Figure 1b illustrates the SST-rainfall relationship during the dry, early-rainfall, and late-rainfall seasons. In general, the linear relationship between Caribbean SSTs and rainfall is strong, with a slope of 1.8 mm day−1 °C−1. The figure also highlights the difference in the strength of the SST-rainfall relationship between two consecutive 23-year periods: 1979–2001 and 2002-2024. The more recent 2002–2024 time period shows a slightly weaker SST-rainfall association (0.47 mm day−1 °C−1) than the earlier 1979–2001 time period (0.92 mm day−1 °C−1). The later period also noticeably shifted to warmer SSTs and had increased variance relative to the earlier period. The latter period is characterized by a warm phase of the Atlantic Multidecadal Oscillation (AMO) and stronger anthropogenic warming (see Fig. 2).

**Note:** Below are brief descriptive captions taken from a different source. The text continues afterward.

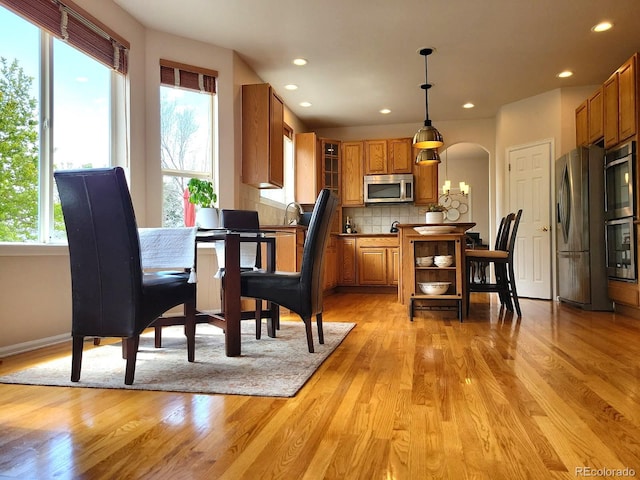 22386 E Arbor Pl, Aurora, CO 80016 - dining room with plenty of natural light, arched walkways, light wood finished floors, and recessed lighting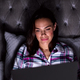 Smiling Woman At Home Sitting In Bed Using Laptop At Night - PhotoDune Item for Sale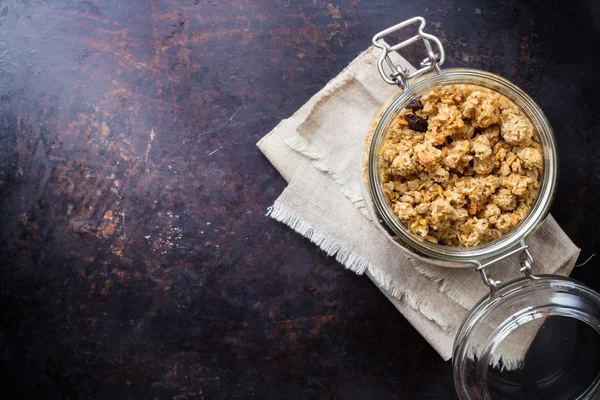 Granola de muesli caseiro em um frasco na mesa preta enferrujada — Fotografia de Stock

Recent findings by Hibbert et al.20 and He et al.27 indicate that the AMO is not the dominant contributor to the observed warming of Atlantic SSTs in recent decades; rather, there is an increasing influence of externally forced climate change on regional ocean-atmosphere interactions.

Fig. 2: Trends in early-season Caribbean SST and precipitation.
Fig. 2: Trends in early-season Caribbean SST and precipitation.The alternative text for this image may have been generated using AI.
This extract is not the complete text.